Consider factors such as:
- Length of service (a long length of service tends to be looked upon favourably by a tribunal).
- The employee’s previous disciplinary record.
- The employee’s remorse and subsequent conduct through the proceedings.
- Whether it is likely the misconduct would be repeated. (Are the circumstances so unique and rare that it is unlikely to happen again?).
6. Can you show that you have reasonable grounds to hold the belief that the conduct occurred, and a dismissal is therefore appropriate?
This factor requires the employer to consider whether, it is reasonable to interpret the evidence available to mean the employee committed gross misconduct, or could it be interpreted differently. The focus on this requirement is on ‘reasonableness’ of perceiving the situation and the evidence as gross misconduct.
7. Right of appeal
In UK employment case law, an appeal is generally regarded to be a significant part of legally fair procedure. Not to offer an appeal, may render a dismissal as unfair in an employment tribunal, based on procedure (even if the reason for dismissal was fair).
Additionally, the Acas code of practice says that employees should be given the right of appeal against a disciplinary or grievance outcome. Where this is not offered, then it can go against you at an employment tribunal. A tribunal can require you to pay up to 25% more in the compensation award for failure to comply with the Acas code of practice.
8. Allegations raised by ex-employees
Employees have three months (less one day) from the effective date of termination, in which to raise an employment tribunal claim regarding constructive/ unfair dismissal. Discrimination claims also must be raised within 3 months of the act(s) of unlawful discrimination in an employment tribunal and can be brought within 6 months in civil court. Tribunals want to see that employers have attempted to appropriately resolve matters internally before getting to the courts. It is therefore important that when dealing with allegations raised by a former employee that you take necessary action.
The Acas code of practice on disciplinary and grievance is silent on grievances raised by ex-employees but under the Trade Union and Labour Relations (Consolidation) Act 1992 (which applies to current and former employees), Part IV, chapter III deals with the requirement for codes of practice issued by Acas to be adhered to. This presents the argument for using the grievance procedure after employment has ended, as in the case of Base Childrenswear Ltd v Otshudi EAT/0267/18.
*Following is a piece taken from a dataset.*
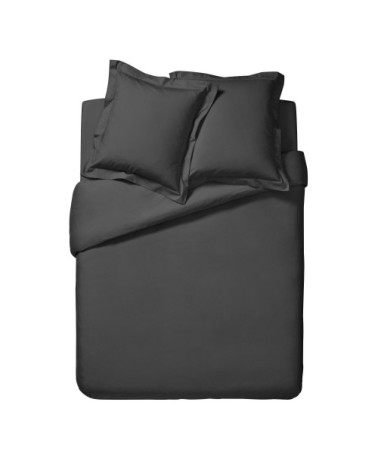Housse de couette unie en percale de coton gris 140x200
It was in this case, that the Employment Appeal Tribunal found that in the circumstances, it was reasonable for the employer to have followed its full grievance procedure when the grievance and subsequent appeal had been raised after employment had ended.
Even if a former employee raises allegations outside of the three months, a reasonable employer will look to take steps to explore and establish the validity of any claim, in line with the implied duty of care to protect employees at work.
4. Commercial decisions
There are occasions when organisations wish to take a commercial approach in resolving workplace concerns using settlement agreements. This does not have to mean that they are accepting liability for what has occurred, but it can be a more efficient, and cost-effective way in which to close the matter and ultimately part ways with an employee without repercussions of an employment tribunal.
In some situations, the time, effort, and cost involved in defending a tribunal claim can outweigh the costs that could be made to the employee via a settlement agreement. Of course, for some organisations, the principle of the matter outweighs the potential cost, and they therefore wish to fight the case at tribunal. It is a matter for each organisation, and each situation that arises. It is usually helpful to gauge towards the end of any internal process (disciplinary or grievance), if there are risks on the case, the prospects of success if it were to go on to become a claim at tribunal before deciding on whether to enter a protected or without prejudice conversation.